* **Records provided**
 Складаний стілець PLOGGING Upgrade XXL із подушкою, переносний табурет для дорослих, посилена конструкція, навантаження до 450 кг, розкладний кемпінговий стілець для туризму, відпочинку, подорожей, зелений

---

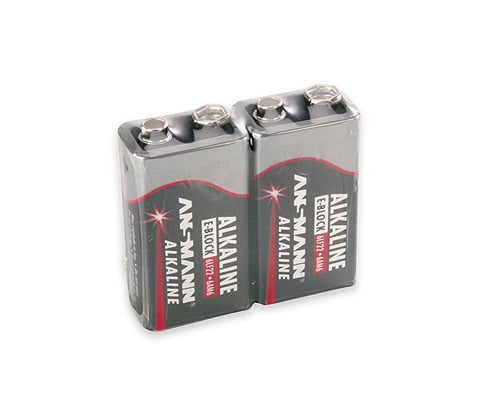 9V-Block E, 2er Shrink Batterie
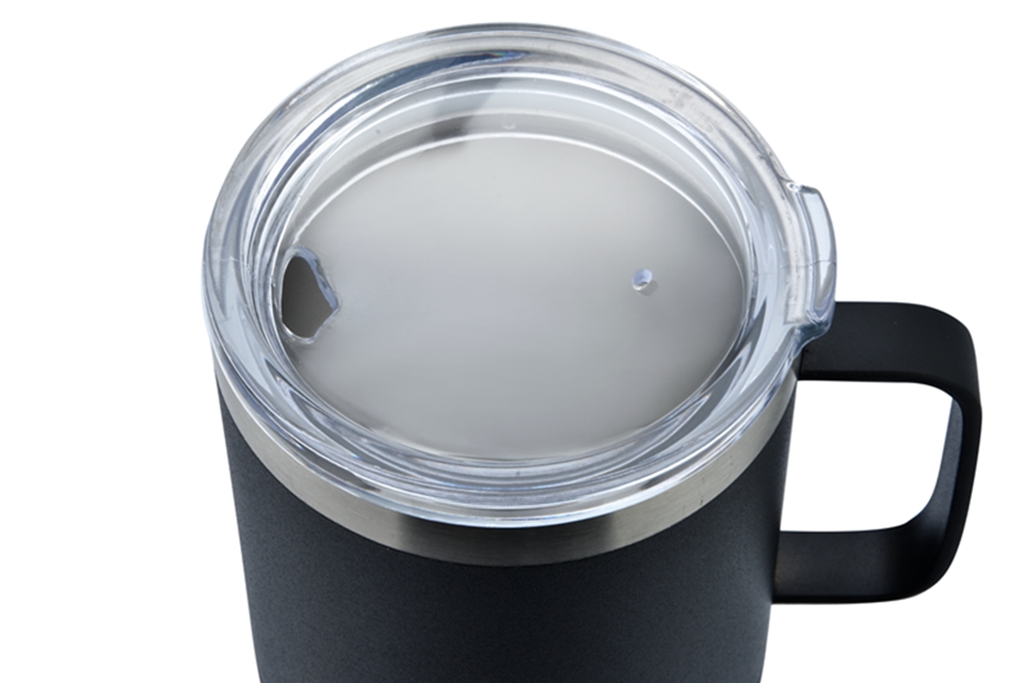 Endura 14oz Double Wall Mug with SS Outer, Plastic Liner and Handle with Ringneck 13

--

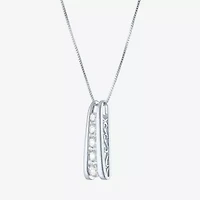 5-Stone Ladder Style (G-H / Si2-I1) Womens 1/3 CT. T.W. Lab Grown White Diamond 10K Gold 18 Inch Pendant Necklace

* **Exercise description**
Take the entries above and copy exactly the lines starting at the one with "9V-Block E, 2er Shrink Batterie" and ending at the one with "Endura 14oz Double"; nothing outside that span, and no pictures.

* **Response area**
 9V-Block E, 2er Shrink Batterie
 Endura 14oz Double Wall Mug with SS Outer, Plastic Liner and Handle with Ringneck 13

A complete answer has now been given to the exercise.